Israel’s Millennial Kingdom
Part 2 – Under the Law

 The Kingdom of Heaven on Earth
Under the Law

Last week we looked at what the Millennial Kingdom is and why it is often referred to as Israel’s Millennial Kingdom. Today we’ll look at the shocking fact that during the Millennial Kingdom, national Israel will be under some form of the Law (Ezek. 36:27; Isaiah 2:3). However, it will be in light of its fulfillment in Jesus. During this time, Israel will be operating under her New Covenant. Having been purged and cleansed, those comprising national Israel would be given a new heart and a new spirit-God’s Spirit. God would enable the people to keep His ordinances (Ezek. 36:27).

In other words, God would give them the power to Keep His Law, something they never had before. With a new heart, they could finally love as God intended and could understand what His Law was really all about. It wasn’t about keeping a list of rules. It wasn’t about looking good on the outside. It was all about treating others the way you want them to treat you (Mt. 7:12).

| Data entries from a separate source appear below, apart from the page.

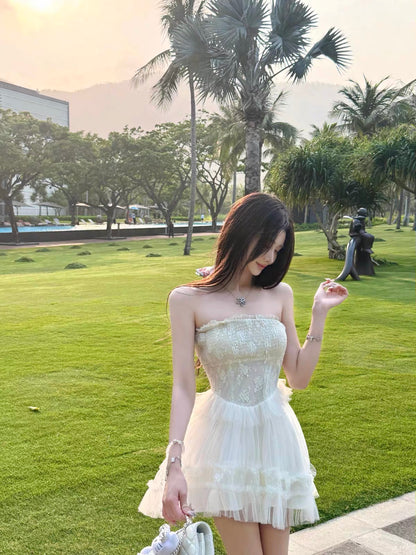 Bareback Mesh Tube Dress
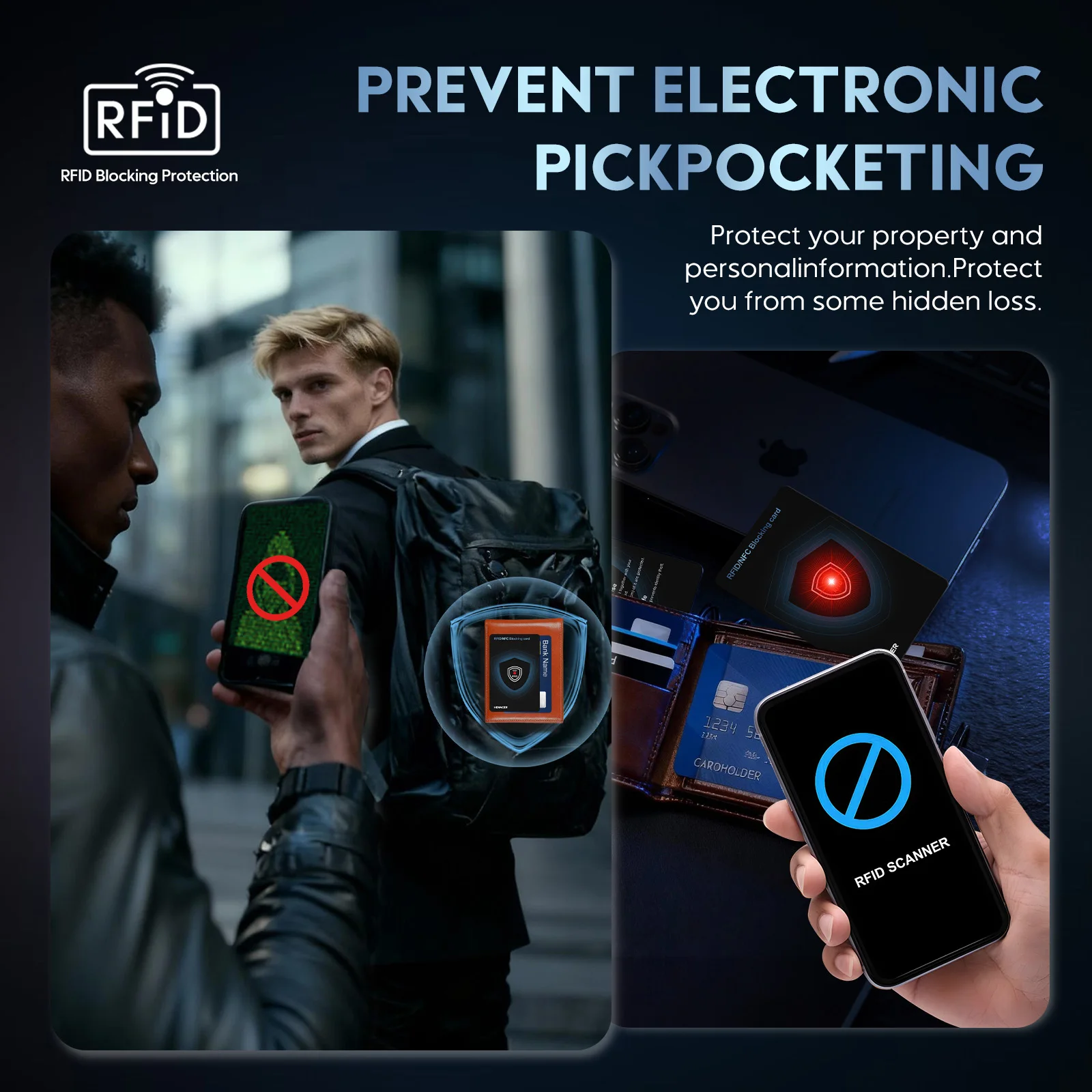 مجموعة بطاقات حجب RFID من الجيل الجديد مع محفظة بطاقة الائتمان NFC ذات الضوء الأحمر تحمي واقي بطاقة الائتمان رفيع للغاية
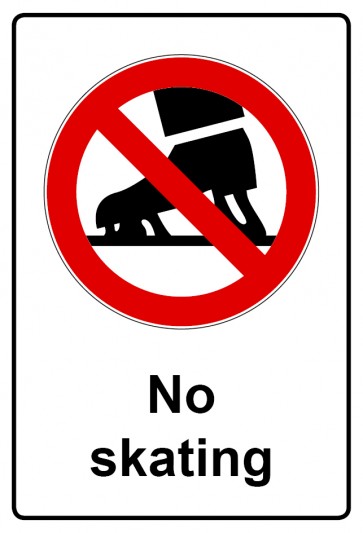 Schild Verbotszeichen Piktogramm & Text englisch · No skating (Verbotsschild)
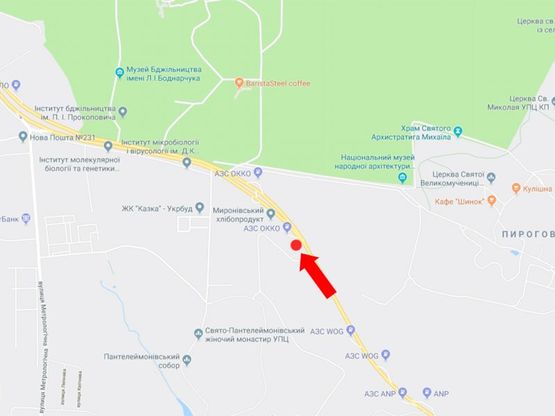 Схема рекламної площини за адресою Заболотного ул., 500 м. до АЗС "Окко" и музея "Пирогово", в сторону Одесской пл.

Even if God provides to His covenant people what is necessary to keep His Law, it still seems strange that God would re-institute it. There must be something we’re missing. Gentile Christians often focus so much on the fact that we are under grace, not law, that we fail to see the beauty the Law contained. Perhaps we should seek to discover why the psalmist said, “O how I love Thy law. It is my meditation all the day. Thy commandments make me wiser than my enemies, for they are ever mine” (Ps. 119:97). Perhaps the answer lies in His purposes of the Law.

 Purposes of the Law

The Law served many purposes. First, it was given to reveal the holiness of God (1 Peter 1:15-16) and to expose the sinfulness of man (Gal. 3:19,22). In other words, God’s holiness revealed in the Law became the test of man’s thoughts, words, and actions. Anything short of this was sin (Rom. 3:23). The Law also revealed the standard of holiness required by a holy God if His chosen nation was to enjoy fellowship with Him. He didn’t only demand obedience: He desired fellowship. With the holiness issue settled, the Law was to lead the people to Christ so they may be justified by faith, not by keeping the Law (Gal. 3:24).

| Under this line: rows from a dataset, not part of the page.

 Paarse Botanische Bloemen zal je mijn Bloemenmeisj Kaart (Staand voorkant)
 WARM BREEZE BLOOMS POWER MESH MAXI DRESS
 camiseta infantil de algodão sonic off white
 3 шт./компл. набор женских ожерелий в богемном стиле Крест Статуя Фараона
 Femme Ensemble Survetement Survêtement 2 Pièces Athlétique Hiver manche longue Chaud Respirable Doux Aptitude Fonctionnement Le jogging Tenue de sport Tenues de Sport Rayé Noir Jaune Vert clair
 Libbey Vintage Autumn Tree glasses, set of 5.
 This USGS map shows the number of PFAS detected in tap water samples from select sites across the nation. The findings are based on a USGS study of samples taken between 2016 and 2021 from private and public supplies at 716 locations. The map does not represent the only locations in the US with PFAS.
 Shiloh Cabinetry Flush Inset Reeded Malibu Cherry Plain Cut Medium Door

Then there’s the unifying effect the Law had on Israel as a nation. It served as Israel’s “national constitution” (Exod. 19:5-8). God redeemed His people out of Egypt and then taught them to walk by faith (which they occasionally did). When they voluntarily submitted themselves to the Law, God established them as a nation. As such they were to be separate from all other nations so they could become a kingdom of priests and a light to the world (Exod. 31:13; 19:5-6).

An additional reason the Law was given to redeemed Israel was to make a way for forgiveness of sins and restoration of fellowship. The five offerings in the first seven chapters of Leviticus does just that. In Leviticus 23 the feasts of the Lord made a provision for His redeemed people to worship Him. In Deuteronomy 28 God described how He would bless His people if they obeyed His conditions. The Law thus became a standard that revealed if a person was rightly related to Him. This would determine if that person was truly part of His kingdom. Finally, the Law was given, not just to lead people to Christ, but to reveal Him. The truth regarding the person and work of Jesus, Israel’s Messiah, was woven throughout the Law (Rom. 3:21-26).

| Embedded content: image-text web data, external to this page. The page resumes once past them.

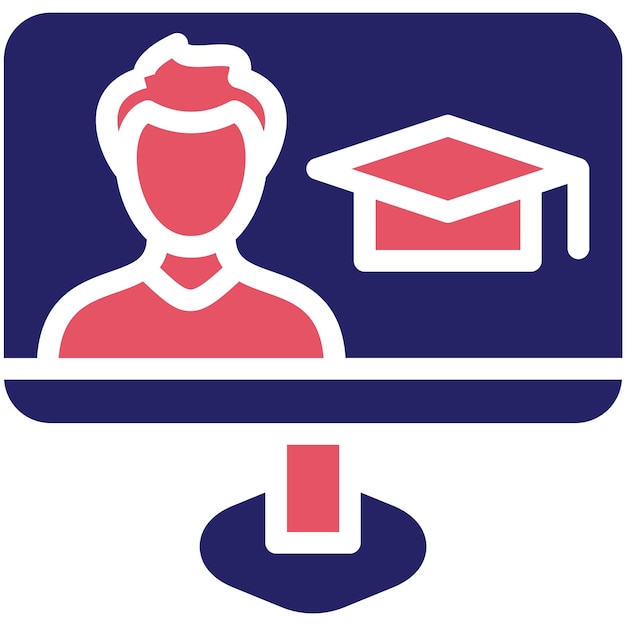 Ilustración del icono vectorial de aprendizaje electrónico del conjunto de iconos de educación en línea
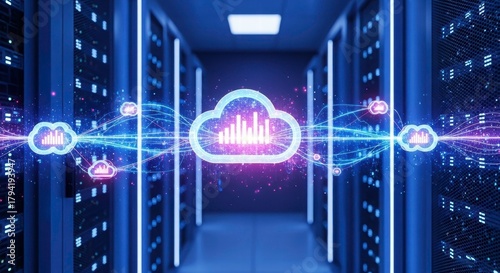 Digital Symphony: A vibrant visualization of a server room, with data seamlessly flowing across a network, emphasizing the concept of cloud computing and data storage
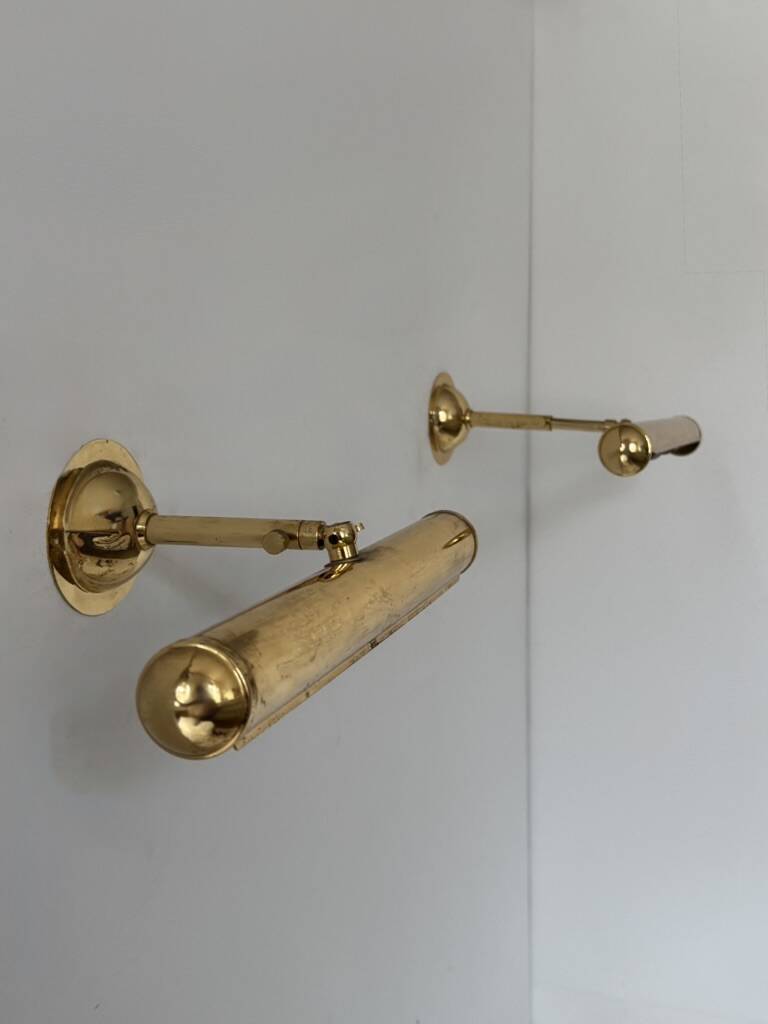 Pair of adjustable vintage brass wall lights, France, 1970.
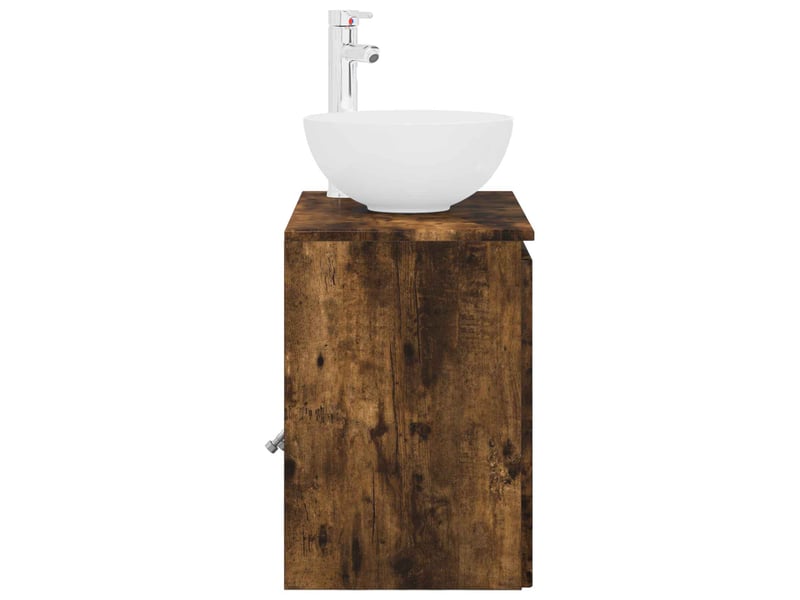  Vanité de lavabo mural, meuble de rangement chêne fumé 49.5x35x63 cm  - Conforama D
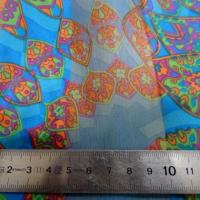 Soie bandes satin et mousseline bleu motifs cachemire 5 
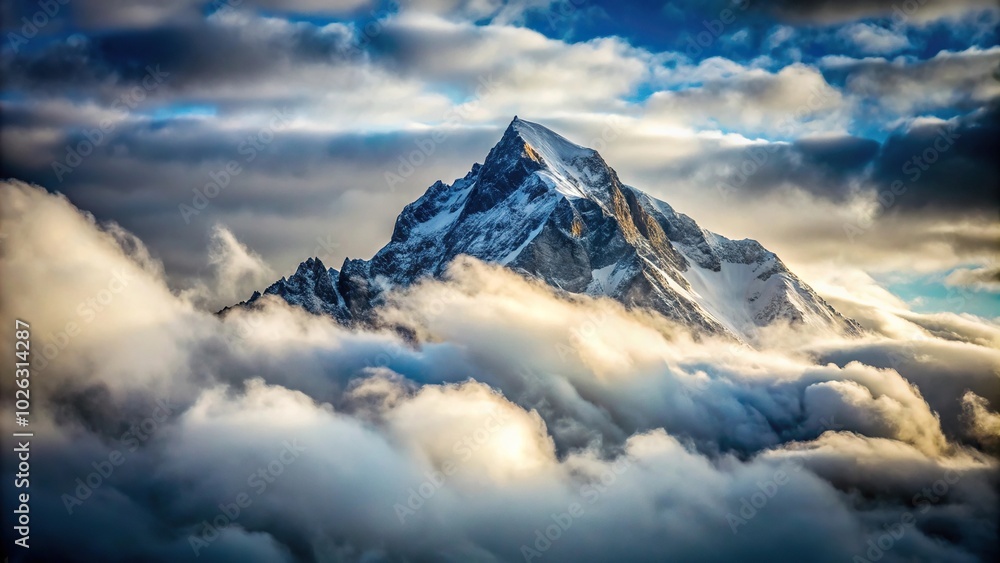 Mountain peak peeking through clouds Mountain peak peeking through clouds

Now that we better understand the purposes of the Law, it’s easier to see why it will continue through the Millennial Kingdom. It was part of Israel’s identity and was God’s chosen means to reveal Himself, His holiness, and His peoples’ complete dependence on Him if they were to walk in righteousness and holiness. The Law was a good thing, and when obeyed, accomplished all the purposes just listed. For a thousand years, national Israel would do just that, only because God had enabled His people to keep it.

At this point, it’s helpful to see the difference between God’s relationship with national Israel and His relationship with the Church. Members of the Church have been given the gift of the Holy Spirit to enable the resurrected (heaven-based) Christ to live out His life through them. This is a heavenly, vertical relationship that brings the oneness Jesus spoke of in John 17 and Paul described in Romans 6. It’s all about the believer’s identification with the risen Christ. For national Israel, the Holy Spirit is given to enable them to obey the Law. Their relationship with God is earthly and horizontal, and their identification is with the Law.